##### Data records #####

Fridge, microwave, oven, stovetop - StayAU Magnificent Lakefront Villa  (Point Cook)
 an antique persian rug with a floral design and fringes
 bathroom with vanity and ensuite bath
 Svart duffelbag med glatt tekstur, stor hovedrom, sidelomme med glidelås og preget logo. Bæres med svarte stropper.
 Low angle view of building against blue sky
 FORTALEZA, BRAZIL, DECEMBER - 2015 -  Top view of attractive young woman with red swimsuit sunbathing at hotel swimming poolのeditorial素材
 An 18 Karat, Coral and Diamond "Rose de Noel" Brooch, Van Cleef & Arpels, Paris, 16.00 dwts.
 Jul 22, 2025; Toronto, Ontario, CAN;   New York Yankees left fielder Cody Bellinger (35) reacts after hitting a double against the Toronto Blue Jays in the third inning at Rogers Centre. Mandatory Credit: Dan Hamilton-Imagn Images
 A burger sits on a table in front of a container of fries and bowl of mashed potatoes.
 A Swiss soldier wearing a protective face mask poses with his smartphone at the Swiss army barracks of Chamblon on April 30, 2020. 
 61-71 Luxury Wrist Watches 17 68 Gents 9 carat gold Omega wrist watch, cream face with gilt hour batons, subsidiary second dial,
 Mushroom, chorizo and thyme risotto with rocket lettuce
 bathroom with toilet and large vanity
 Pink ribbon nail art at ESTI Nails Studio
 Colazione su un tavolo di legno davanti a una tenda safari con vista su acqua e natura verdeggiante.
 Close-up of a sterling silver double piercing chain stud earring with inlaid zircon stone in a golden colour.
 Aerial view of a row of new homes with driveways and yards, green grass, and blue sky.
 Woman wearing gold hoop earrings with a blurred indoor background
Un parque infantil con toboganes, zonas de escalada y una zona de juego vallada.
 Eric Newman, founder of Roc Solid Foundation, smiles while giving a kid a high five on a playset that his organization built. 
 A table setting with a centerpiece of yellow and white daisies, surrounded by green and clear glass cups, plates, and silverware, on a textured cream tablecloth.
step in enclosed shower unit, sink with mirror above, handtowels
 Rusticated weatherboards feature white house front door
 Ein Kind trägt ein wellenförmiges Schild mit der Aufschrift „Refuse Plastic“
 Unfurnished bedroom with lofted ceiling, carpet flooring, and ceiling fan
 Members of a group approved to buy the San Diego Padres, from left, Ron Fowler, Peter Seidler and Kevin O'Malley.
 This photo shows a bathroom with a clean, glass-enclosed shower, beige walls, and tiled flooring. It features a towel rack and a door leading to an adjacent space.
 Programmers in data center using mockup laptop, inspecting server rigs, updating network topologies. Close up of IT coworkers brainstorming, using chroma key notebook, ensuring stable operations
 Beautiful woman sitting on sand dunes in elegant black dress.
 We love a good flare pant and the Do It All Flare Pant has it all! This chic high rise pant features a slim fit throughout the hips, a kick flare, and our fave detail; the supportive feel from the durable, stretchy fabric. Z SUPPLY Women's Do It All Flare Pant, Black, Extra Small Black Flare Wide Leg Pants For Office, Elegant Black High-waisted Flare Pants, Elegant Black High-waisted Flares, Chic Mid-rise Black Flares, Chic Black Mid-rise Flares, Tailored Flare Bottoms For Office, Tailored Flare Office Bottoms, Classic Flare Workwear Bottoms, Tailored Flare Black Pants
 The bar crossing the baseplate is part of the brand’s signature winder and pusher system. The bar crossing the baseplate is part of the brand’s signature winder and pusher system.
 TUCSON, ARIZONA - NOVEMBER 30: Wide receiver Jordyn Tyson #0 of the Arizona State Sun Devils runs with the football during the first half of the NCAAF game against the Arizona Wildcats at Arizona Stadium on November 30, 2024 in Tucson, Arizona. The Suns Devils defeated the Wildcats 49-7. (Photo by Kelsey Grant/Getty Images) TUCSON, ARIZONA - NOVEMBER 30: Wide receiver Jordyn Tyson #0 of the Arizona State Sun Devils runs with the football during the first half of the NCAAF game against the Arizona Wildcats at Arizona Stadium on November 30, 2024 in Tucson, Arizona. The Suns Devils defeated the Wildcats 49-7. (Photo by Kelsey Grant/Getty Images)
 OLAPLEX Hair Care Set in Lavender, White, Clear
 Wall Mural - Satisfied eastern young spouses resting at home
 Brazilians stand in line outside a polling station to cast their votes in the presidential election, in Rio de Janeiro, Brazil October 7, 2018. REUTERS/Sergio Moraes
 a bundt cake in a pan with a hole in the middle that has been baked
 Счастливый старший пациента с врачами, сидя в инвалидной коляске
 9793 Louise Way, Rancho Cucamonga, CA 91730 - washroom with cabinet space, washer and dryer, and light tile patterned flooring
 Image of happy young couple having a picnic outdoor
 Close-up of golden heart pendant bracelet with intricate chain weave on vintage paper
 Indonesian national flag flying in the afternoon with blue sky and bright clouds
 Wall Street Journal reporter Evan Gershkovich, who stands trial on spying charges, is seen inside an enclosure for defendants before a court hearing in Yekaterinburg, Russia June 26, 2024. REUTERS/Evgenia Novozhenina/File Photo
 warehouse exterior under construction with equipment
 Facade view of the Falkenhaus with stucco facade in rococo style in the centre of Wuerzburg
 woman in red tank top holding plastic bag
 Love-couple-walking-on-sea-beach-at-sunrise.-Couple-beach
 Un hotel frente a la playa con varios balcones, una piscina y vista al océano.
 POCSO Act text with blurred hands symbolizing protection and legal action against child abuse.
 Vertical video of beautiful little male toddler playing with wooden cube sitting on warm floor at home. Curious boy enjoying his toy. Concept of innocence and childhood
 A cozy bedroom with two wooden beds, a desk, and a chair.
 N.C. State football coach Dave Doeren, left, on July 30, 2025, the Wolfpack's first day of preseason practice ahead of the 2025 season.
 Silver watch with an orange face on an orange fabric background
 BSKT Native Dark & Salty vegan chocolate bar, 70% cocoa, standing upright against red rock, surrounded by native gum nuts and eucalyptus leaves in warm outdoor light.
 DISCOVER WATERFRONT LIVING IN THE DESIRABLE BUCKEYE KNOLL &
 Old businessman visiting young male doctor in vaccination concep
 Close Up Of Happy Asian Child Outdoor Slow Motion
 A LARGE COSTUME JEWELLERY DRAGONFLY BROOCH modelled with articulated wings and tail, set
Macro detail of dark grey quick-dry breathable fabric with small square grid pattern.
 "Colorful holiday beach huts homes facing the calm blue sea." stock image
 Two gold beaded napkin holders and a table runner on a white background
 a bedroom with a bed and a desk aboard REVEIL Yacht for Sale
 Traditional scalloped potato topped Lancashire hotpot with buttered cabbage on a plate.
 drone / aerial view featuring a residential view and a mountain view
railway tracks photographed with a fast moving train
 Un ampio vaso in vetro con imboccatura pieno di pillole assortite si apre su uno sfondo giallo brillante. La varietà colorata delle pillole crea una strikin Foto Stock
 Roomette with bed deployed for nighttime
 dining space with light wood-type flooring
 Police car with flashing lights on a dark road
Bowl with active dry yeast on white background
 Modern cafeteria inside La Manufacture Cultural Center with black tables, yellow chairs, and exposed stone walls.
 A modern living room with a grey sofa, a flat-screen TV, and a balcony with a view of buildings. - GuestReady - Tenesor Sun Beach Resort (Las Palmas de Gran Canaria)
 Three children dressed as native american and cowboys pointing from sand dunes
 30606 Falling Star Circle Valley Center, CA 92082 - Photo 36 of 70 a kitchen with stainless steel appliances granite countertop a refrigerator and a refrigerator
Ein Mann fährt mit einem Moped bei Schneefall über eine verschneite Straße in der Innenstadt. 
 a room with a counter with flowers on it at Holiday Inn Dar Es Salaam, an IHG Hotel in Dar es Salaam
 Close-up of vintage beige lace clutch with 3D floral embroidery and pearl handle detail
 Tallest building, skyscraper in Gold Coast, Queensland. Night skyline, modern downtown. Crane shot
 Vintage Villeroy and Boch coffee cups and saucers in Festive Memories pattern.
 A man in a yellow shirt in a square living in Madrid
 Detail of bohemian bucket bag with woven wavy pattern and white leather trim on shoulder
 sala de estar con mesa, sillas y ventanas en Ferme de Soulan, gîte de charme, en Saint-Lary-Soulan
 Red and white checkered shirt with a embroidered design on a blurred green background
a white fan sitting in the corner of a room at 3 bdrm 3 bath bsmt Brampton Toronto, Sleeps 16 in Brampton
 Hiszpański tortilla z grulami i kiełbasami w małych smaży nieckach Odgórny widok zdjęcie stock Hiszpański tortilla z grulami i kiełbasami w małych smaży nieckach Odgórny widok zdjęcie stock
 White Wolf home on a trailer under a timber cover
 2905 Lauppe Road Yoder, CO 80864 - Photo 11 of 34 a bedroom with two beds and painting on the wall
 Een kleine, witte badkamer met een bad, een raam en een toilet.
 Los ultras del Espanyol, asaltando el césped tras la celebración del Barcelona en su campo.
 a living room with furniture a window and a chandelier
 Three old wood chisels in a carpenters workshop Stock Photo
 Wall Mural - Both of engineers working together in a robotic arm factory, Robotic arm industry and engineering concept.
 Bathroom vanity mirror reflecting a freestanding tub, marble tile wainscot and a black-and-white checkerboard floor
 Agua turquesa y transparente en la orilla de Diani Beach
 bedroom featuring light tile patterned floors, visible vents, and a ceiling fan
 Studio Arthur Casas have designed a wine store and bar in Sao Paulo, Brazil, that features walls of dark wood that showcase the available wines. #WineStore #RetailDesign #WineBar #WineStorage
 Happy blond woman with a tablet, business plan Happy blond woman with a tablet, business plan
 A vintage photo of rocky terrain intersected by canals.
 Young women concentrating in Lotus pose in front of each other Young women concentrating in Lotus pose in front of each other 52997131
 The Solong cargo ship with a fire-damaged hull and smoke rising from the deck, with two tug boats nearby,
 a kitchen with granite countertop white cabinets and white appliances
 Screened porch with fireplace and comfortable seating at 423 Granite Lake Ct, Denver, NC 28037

#####

Exercise:
Lines of the material in which the word "beige" occurs are to be copied out.

Written response:
 This photo shows a bathroom with a clean, glass-enclosed shower, beige walls, and tiled flooring. It features a towel rack and a door leading to an adjacent space.
 Close-up of vintage beige lace clutch with 3D floral embroidery and pearl handle detail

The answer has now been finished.